Why don’t we just use 1st-order approximation?
→ Note that we want to minimize $f$ not a $q$ . In addition, since 1st-order approximation is not bounded, we use 2nd-order approximation instead. Moreover, 2nd-order approximation is convex so that we can easily find the optimal point analytically.
💡
But this kind of approximation requires at least a positive semi-definite Hessian matrix at that point. If a hessian matrix is not a positive semi-definite, we take a perturbation of it to make it positive semi-definite. This technique is called quasi-Newton's Method.

Convergence rate (if converging, along with assumptions of $f$ and the point)
- Quadratic : Newton’s method has a quadratic rate of convergence except in degenerate cases
  → It converges faster and faster
  - The exact condition for quadratic convergence
    Let $f$ be a real-valued function of $n$ variables defined on an open convex set S. Assume that $\nabla^2f$ is Lipschitz continuous on $S$ , that is,
    $\|\nabla^2f(x) - \nabla^2f(y)\| \le L\|x-y\|$
    for all $x, y\in S$ and for some constant $L < \infty$ . Consider the sequence $\{x_k\}$ generated by
    $x_{k + 1} = x_k - [\nabla^2f(x_k)]^{-1}\nabla f(x_k)$
    Let $x^*$ be a minimizer of $f(x)$ in $S$ and assume that $\nabla^2f(x^*)$ is positive definite. If $\|x_0 - x^*\|$ is sufficiently small, then $\{x_k\}$ converges quadratically to $x^*$ .
    💡
    Basically, this uses 2nd-order taylor’s approximation.
    - Proof
- Super-linear if the Newton direction is approached at the limit

💡

But, we can’t guarantee that it always converges. That is why it is sensitive to the initial starting point.
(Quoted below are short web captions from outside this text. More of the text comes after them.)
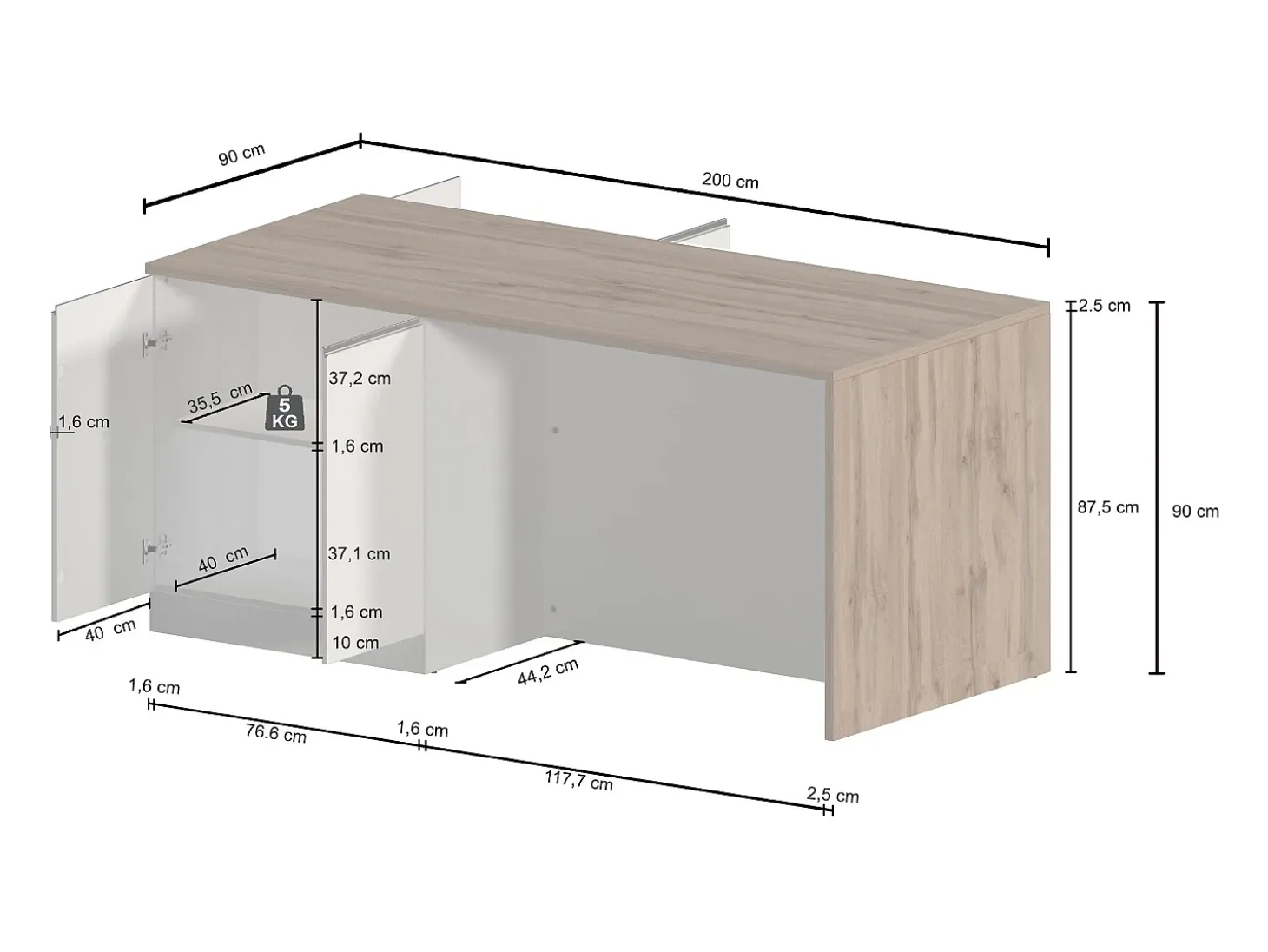 Isla de cocina Sole con 4 puertas, blanco brillo y roble, 200 x 90 x 90 cm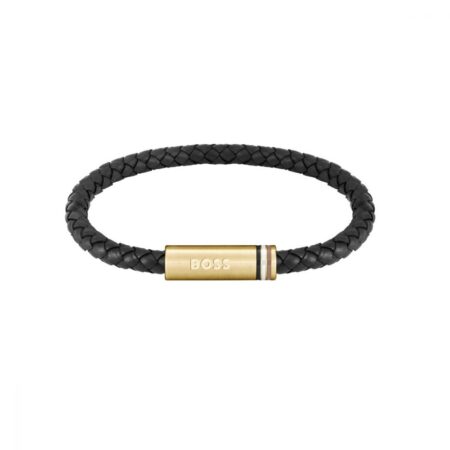 HB BRACELET BLACK LEATHER /GOLD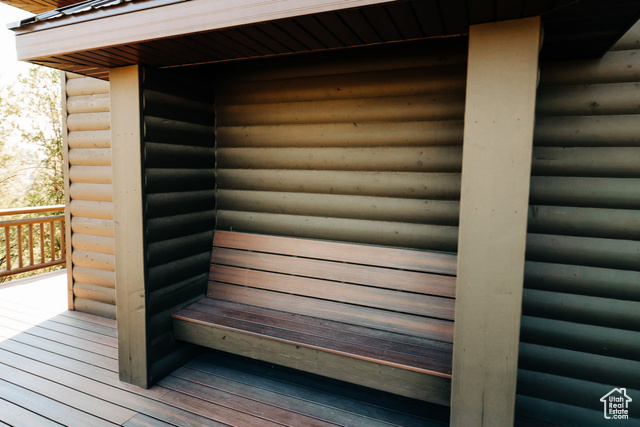 985 Russell Road Hatch, UT 84735 - Photo 4 of 30 Exterior view of a sauna / steam room and faux log siding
Normally, it works well when the hessian is positive definite.

Problems of Naive Newton’s Method

Why not simply keep using the basic version of Newton's step?

x_{k + 1} = x_k - [\nabla^2f(x_k)]^{-1}\nabla f(x_k)^T

In fact, when it works, it works well.

However

It may not converge at all (or fail, if the Hessian is singular(i.e. not invertible))

It doesn’t look for a minimum, just a stationary point.
💡
즉, Newton’s method를 통해서 구한 해가 local minima가 아닌 saddle point일 수 있다는 것이다. 다시 말해서 함수의 변화율이 0이 되는 점을 찾을 뿐인 것이다. 앞서 살펴본 것처럼 first-order condition만으로는 local optima라고 주장할 수 없는 것과 일맥상통한다.

The basic form is computationally heavy
→ Since finding a inverse matrix requires large computations.

It is possible to reduce these costs by using algorithms that compromise on Newton’s method. Virtually all of these algorithms get by with only first derivative calculations. Most of these algorithms avoid solving a linear system and reduce the cost of using the Newton formula to $O(n^2)$ or less. The methods designed for solving large problems reduce the storage requirements to $O(n)$ .

One of the algorithms that typically rely only on first derivative calculations is the Gradient Descent method. It is widely used to find local optimum in differentiable functions.

Also, there are methods like Quasi-Newton methods which reduce the cost of the Newton formula without solving a linear system. Quasi-Newton methods such as the Broyden-Fletcher-Goldfarb-Shanno (BFGS) algorithm are known to reduce the complexity of the Newton method while maintaining similar performance.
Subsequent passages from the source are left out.